• [TASK ITEM]:
Every line of the listing below is to be repeated exactly; the pictures stay out.

### SUPPLIED MATERIAL ###

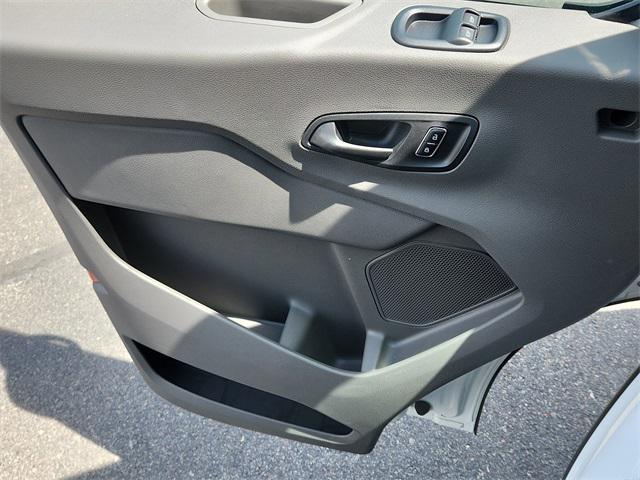 new 2025 Ford Transit-250 car, priced at $55,122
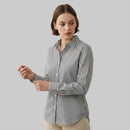 BLUSA EJECUTIVA RAYAS M423DDN - M423DBK - M423DWH — MY LAND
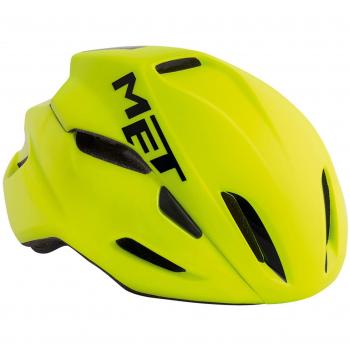 MET M3HM105L0GI1 - Casco, L, Amarillo, Unisex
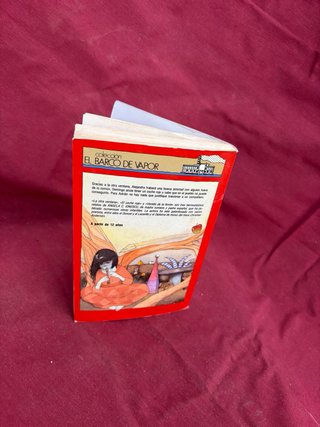Libro la otra ventana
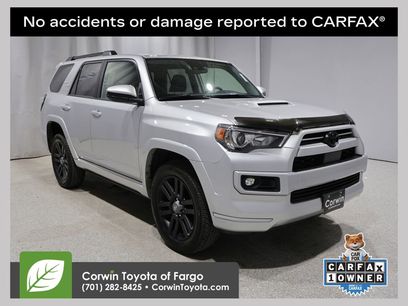 Used 2022 Toyota 4Runner TRD Sport
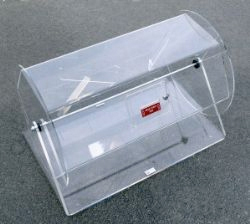 Large Acrylic Raffle Drum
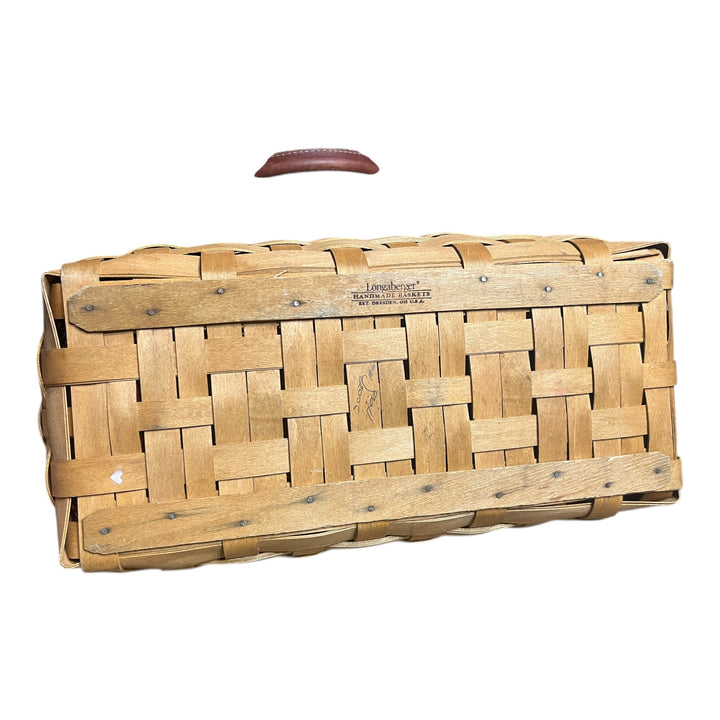 Longaberger Large Boardwalk Basket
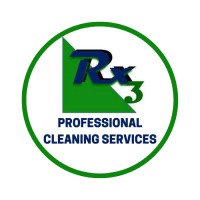 Rx3 Cleaning & Hygiene Services logo - Similar company to Dq Cleaning Ct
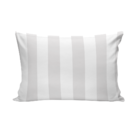 Capa De Almofada Ocean Cinza Retangular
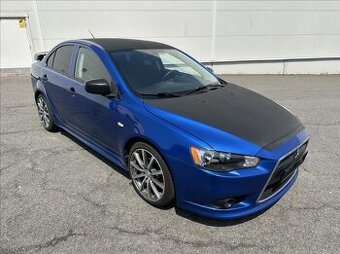 prodáme Mitsubishi Lancer 1.6 86kW 2015 93839km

###

• [YOUR SOLUTION]:
 new 2025 Ford Transit-250 car, priced at $55,122
 BLUSA EJECUTIVA RAYAS M423DDN - M423DBK - M423DWH — MY LAND
 MET M3HM105L0GI1 - Casco, L, Amarillo, Unisex
Libro la otra ventana
 Used 2022 Toyota 4Runner TRD Sport
 Large Acrylic Raffle Drum
 Longaberger Large Boardwalk Basket
 Rx3 Cleaning & Hygiene Services logo - Similar company to Dq Cleaning Ct
 Capa De Almofada Ocean Cinza Retangular
 prodáme Mitsubishi Lancer 1.6 86kW 2015 93839km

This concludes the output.